Au sein du débat et du dialogue, des idées antagonistes vont entrer en conflit mais l’objet d’un débat mouvant n’est pas de considérer la parole de l’autre comme étant une pensée en compétition avec la sienne. On pourra, au contraire, encourager la prise de parole de chacun en valorisant la prise de parole de tous les élèves à travers un critère visant à faire du groupe une équipe plutôt que des concurrents. L’objectif ici est de s’éloigner d’un schéma de débat où les élèves ont préparé des arguments et réfutent systématiquement voire méprisent tout positionnement contraire au leur. Ce type de débat vise à donner à chacun une place et encourage les élèves à prendre leur place dans les échanges et à exprimer leurs idées afin de pouvoir les confronter aussi au questionnement et aux arguments des autres. Se mettre à la place de l’autre, respecter la différence de perception pour justifier avec respect et bienveillance son désaccord ou son accord avec l’autre sont des enjeux majeurs. Il s’agit de ne pas disqualifier moralement celui qui ne pense pas comme moi et de comprendre la force de l’intelligence collective dans une société de plus en plus polarisée. Ne pas se taire, éviter le biais de conformisme et appréhender la divergence de points de vue fait partie des compétences à travailler au sein de nos classes.
De plus, ces échanges empathiques impliquent des efforts de la part des élèves pas uniquement pour comprendre ce qui est dit mais aussi pour se faire comprendre et se rendre intelligible pour les autres ; Grégory Miras (université de Lorraine) insiste sur le fait que celui qui produit est aussi responsable de la communication que celui qui reçoit. Le dynamisme collectif comme critère d’évaluation permet de mettre en valeur ces efforts à se rendre intelligible pour permettre la pensée.
Conclusion
Le débat mouvant met donc en lumière le dialogue comme mise en mouvement des élèves en tant qu’apprenants de langue mais aussi en tant que citoyens.

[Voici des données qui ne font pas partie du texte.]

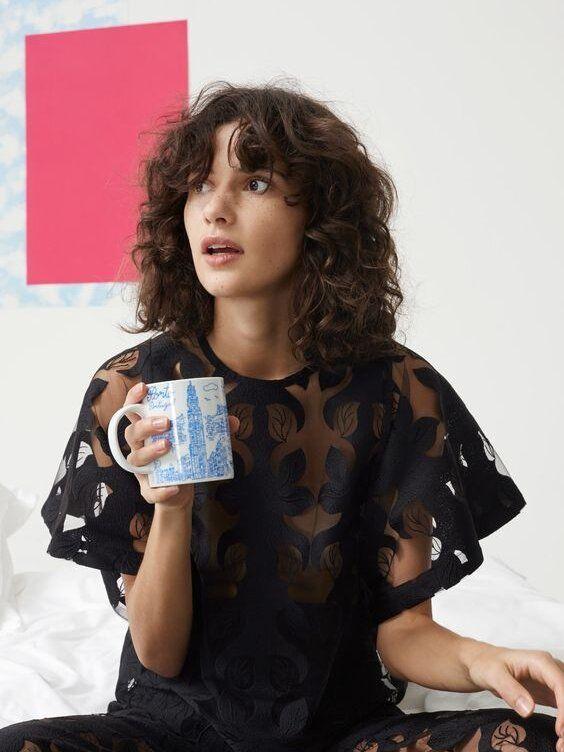 μπούκλες_σε_καρέ_καστανά_μαλλιά_ μπούκλες_σε_καρέ_καστανά_μαλλιά_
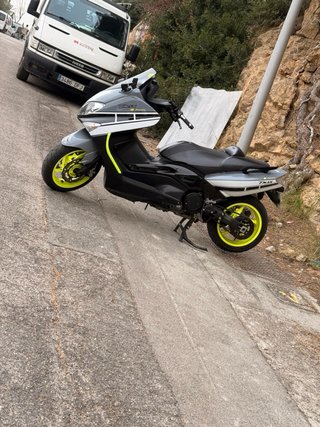 Yamaha T-Max 500 Maxi Scooter
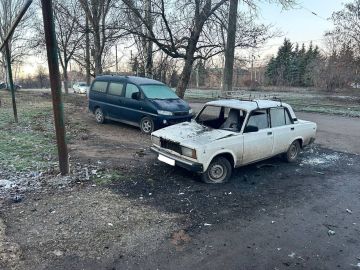 Сообщают, что ночью дрон ВСУ ударил по автомобилям в Горловке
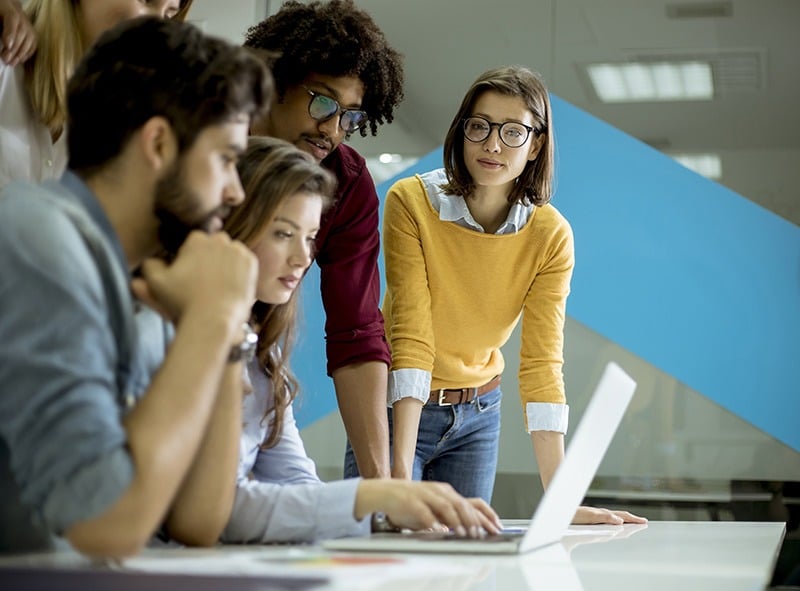 8 de cada 10 jóvenes priorizan el balance entre vida personal y trabajo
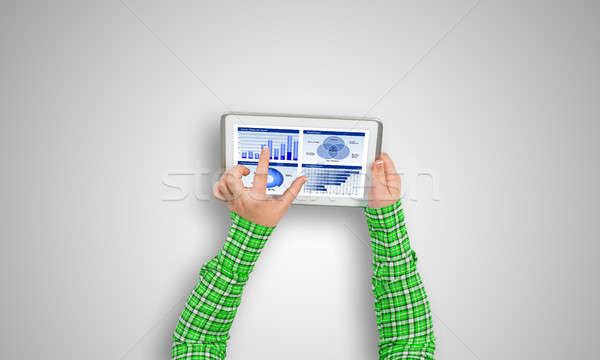 Finansowych aplikacja górę widoku dziewczyna ręce Zdjęcia stock © adam121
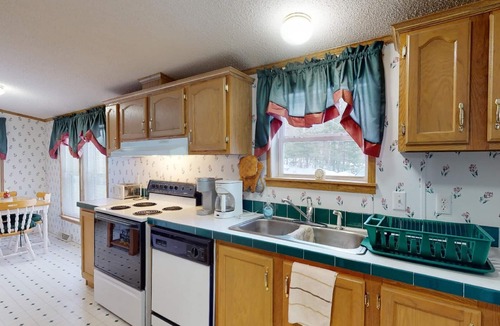 Shirley Mills House | Trails' Beginning (Direct Snowmobile and ATV Access!)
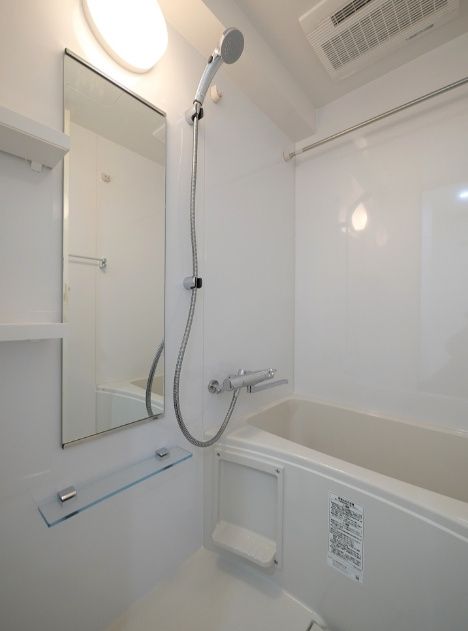 バス・シャワールーム　☆ゆったりくつろげるお風呂☆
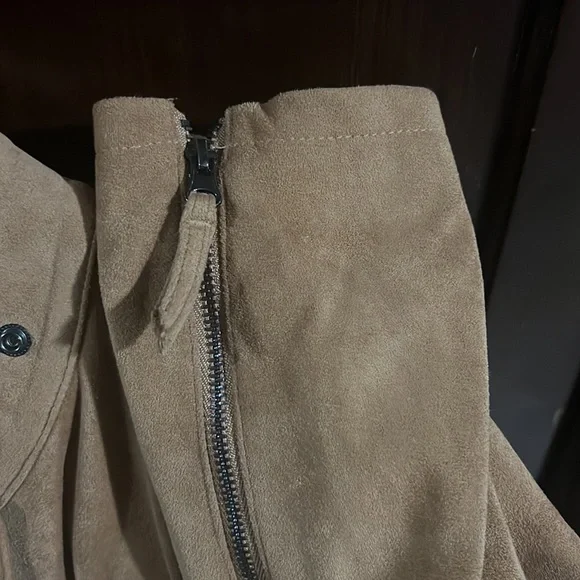 Jacket - Picture 4 of 4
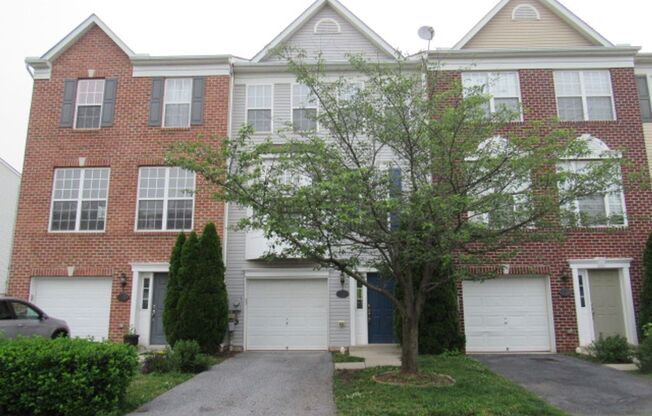 Simply the BEST Oversized Townhouse in Frederick ( min 2 year lease )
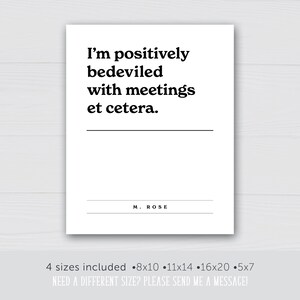 K&ouml;nnte beinhalten: Ein druckbarer Spruch, der lautet "Ich bin positiv geplagt von Meetings usw." mit dem Namen des Autors "M. ROSE" darunter. Der Spruch ist in vier Gr&ouml;&szlig;en erh&auml;ltlich: 8x10, 11x14, 16x20 und 5x7 Zoll.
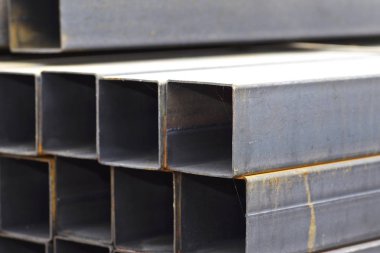 Metal ürünler deposundaki paketlerde dikdörtgen kesitlerin metal profil borusu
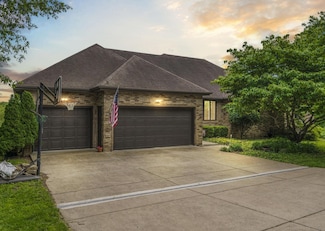 2642 W Blakey St, Springfield, MO 65810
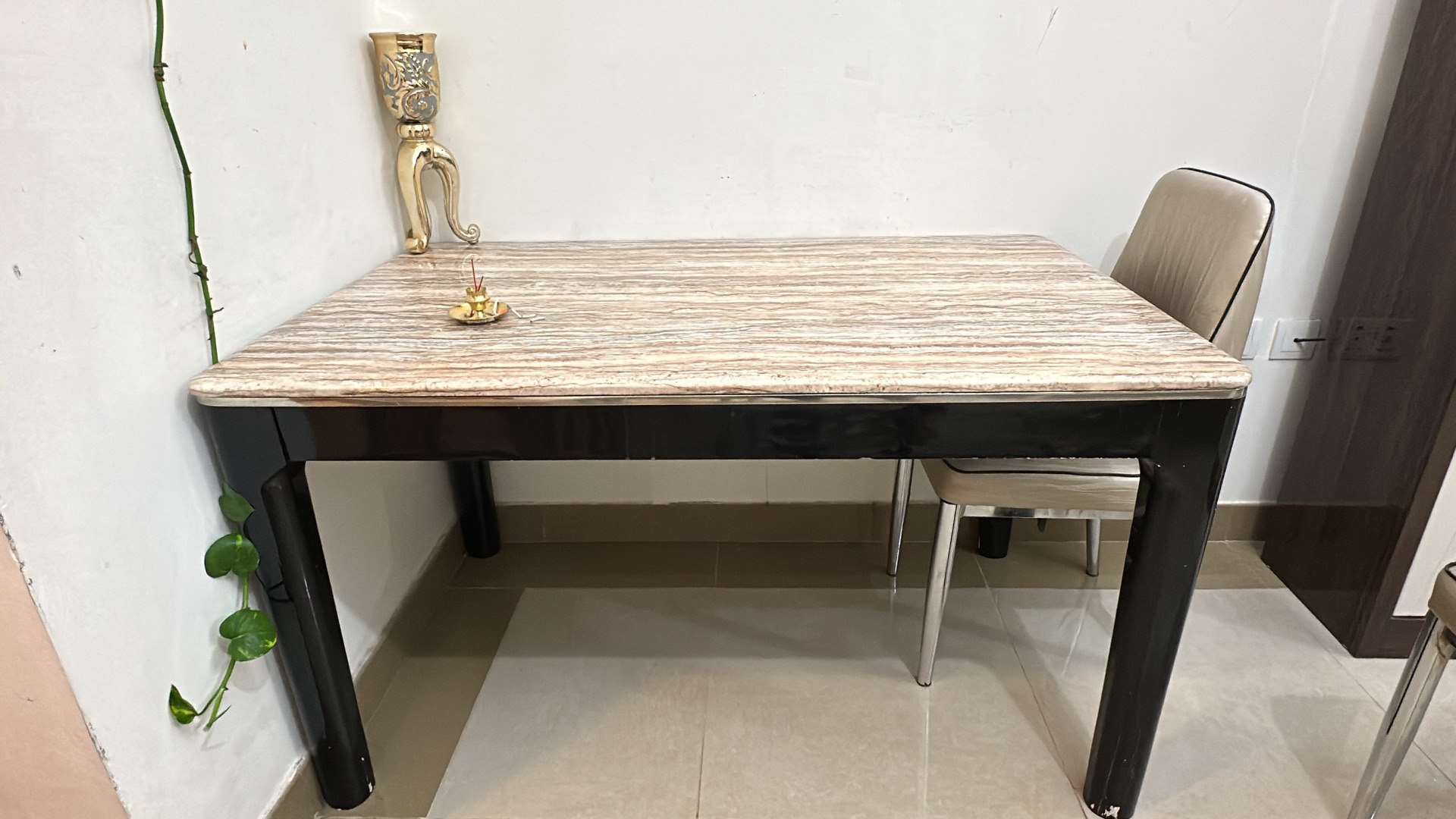 Dining Table with Marble top & 4 Chairs - Image 1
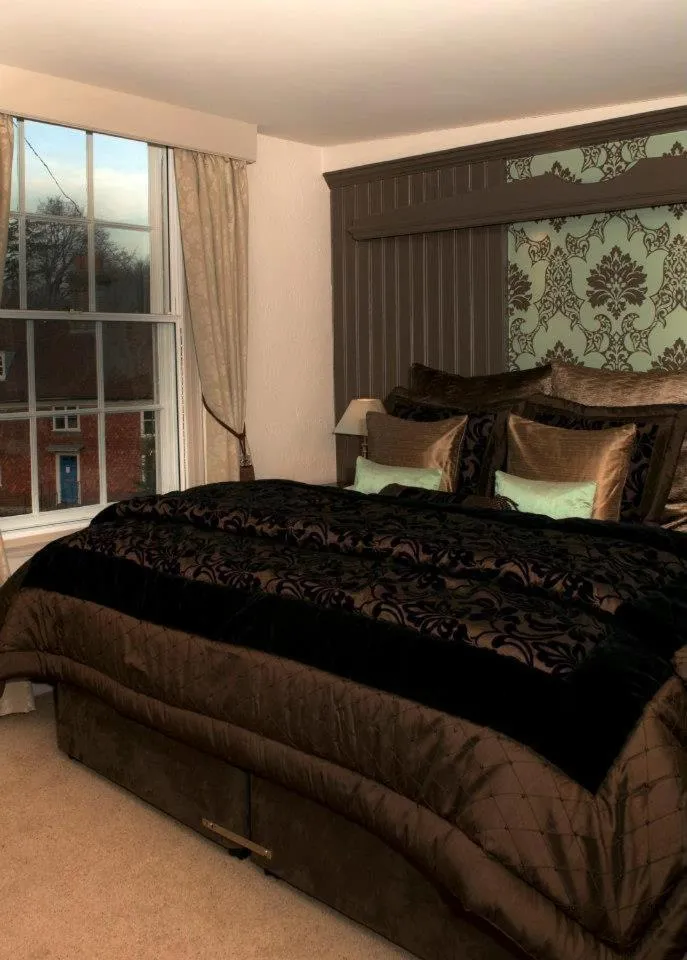 Day, Bed in The George Inn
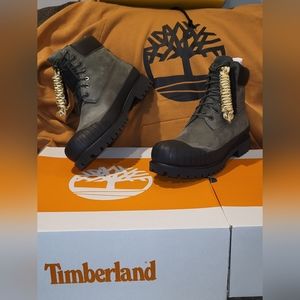 SOLD! Mens Timberland BEE LINE Edition Green Size 11.5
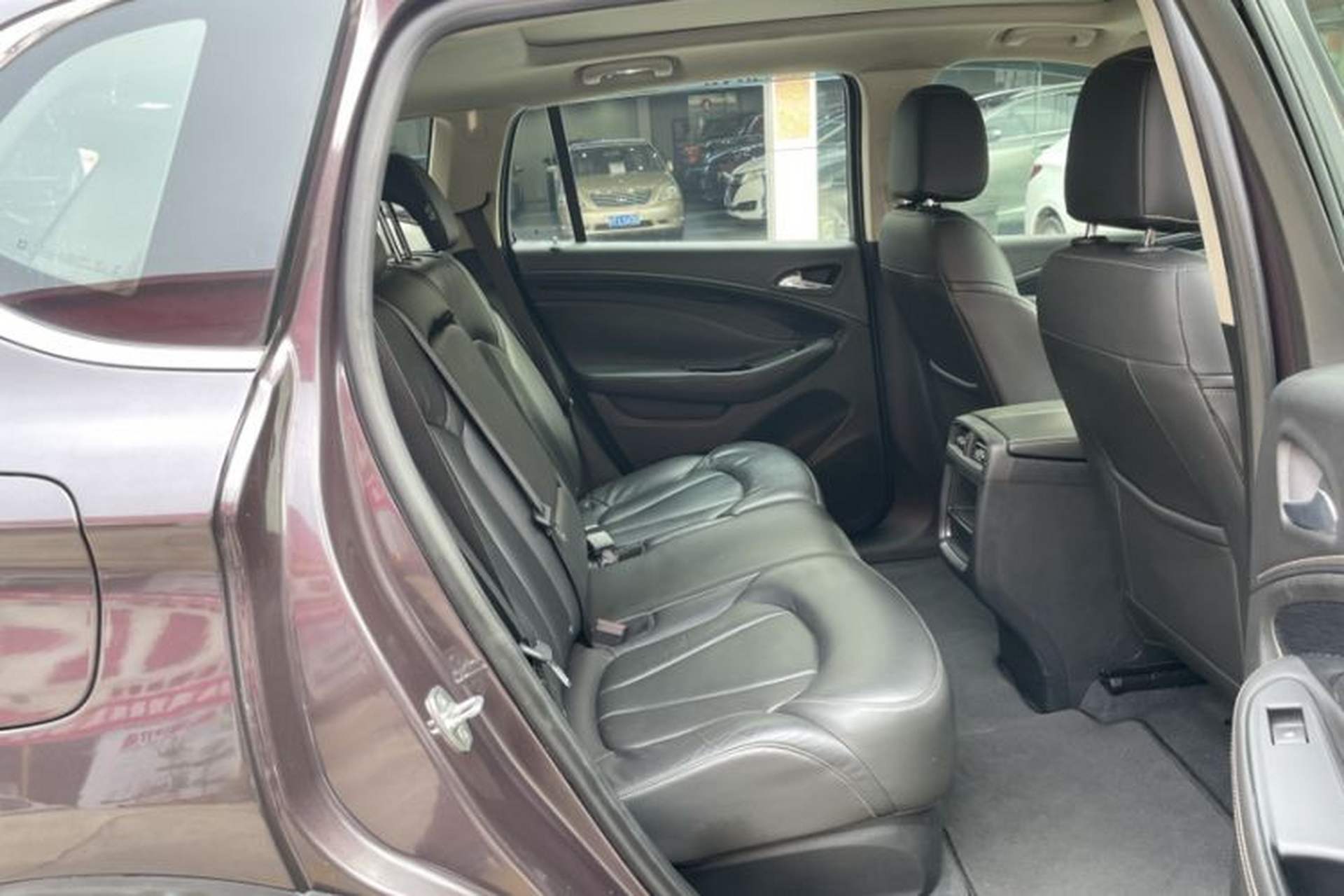 Used Buick Envision 2015 20T Two-Wheel-Drive Elite Model Interior 2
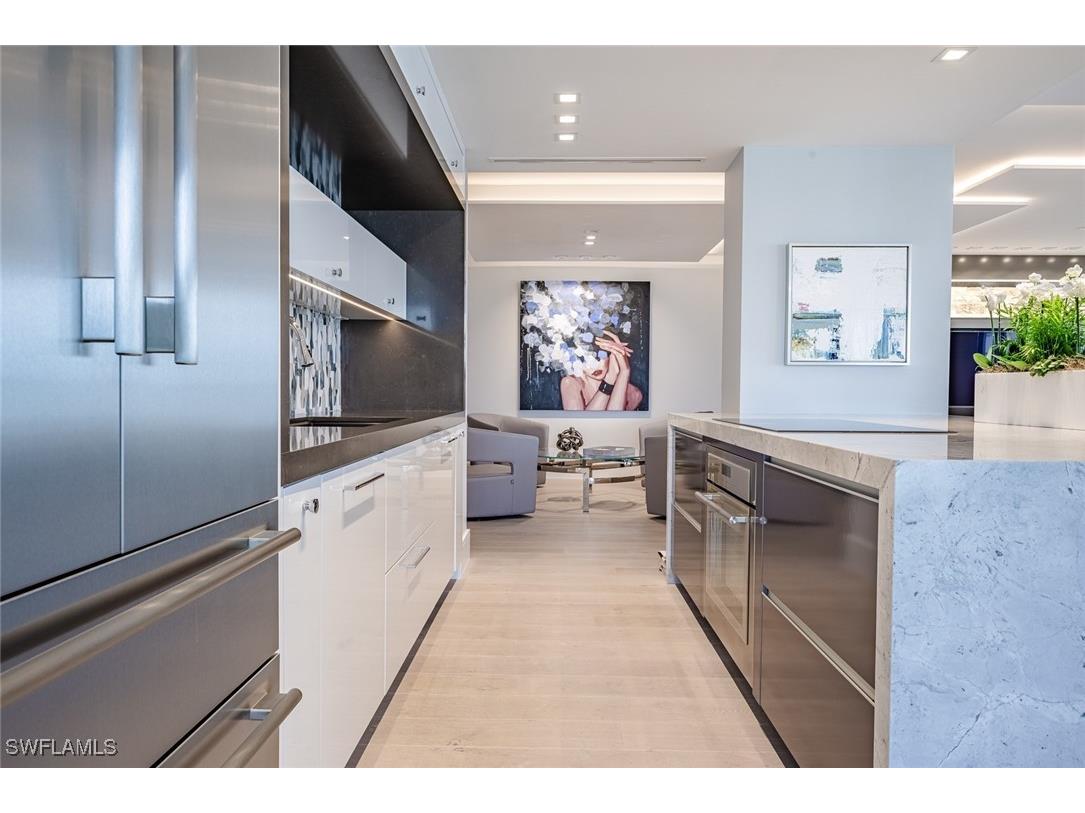 4051 Gulf Shore Boulevard N #200 Naples FL 34103 225073695 image22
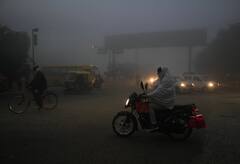 Fog In Delhi: कोहरे में गुम हो गया एयरपोर्ट, सौ से ज्यादा फ्लाइट्स प्रभावित, ट्रेनें भी घंटों लेट, देखें तस्वीरें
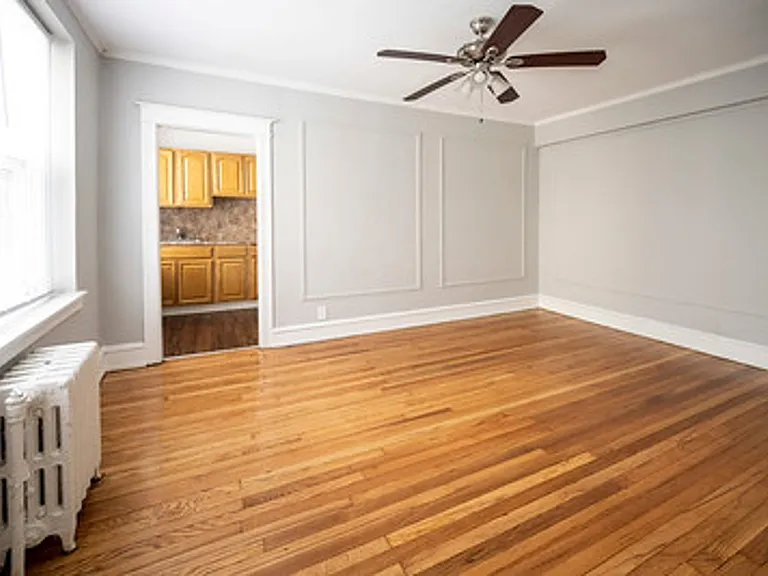 English Manor Apartments- Beautifully kept secret in Mt. Airy — Photo 9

Le débat met en espace la construction de cet esprit critique et permet la mise en place d’un espace épistémique commun où l’on peut échanger, se contredire et construire collectivement un savoir scientifique et raisonnable. En ce sens, il me semble être une activité riche et à développer au sein de nos classes de langues vivantes.
Sources :
Mettre en pratique la grammaire de l’oral : https://www.fdlm.org/blog/2020/04/16/mettre-en-pratique-la-grammaire-de-loral/
Pesce.S (2014) Rhétorique du dialogisme : épistémologie, éthique et organisation de l’interaction
dialogique dans la classe. Ela. Etudes de linguistique appliquée, 173 (1), 99-108.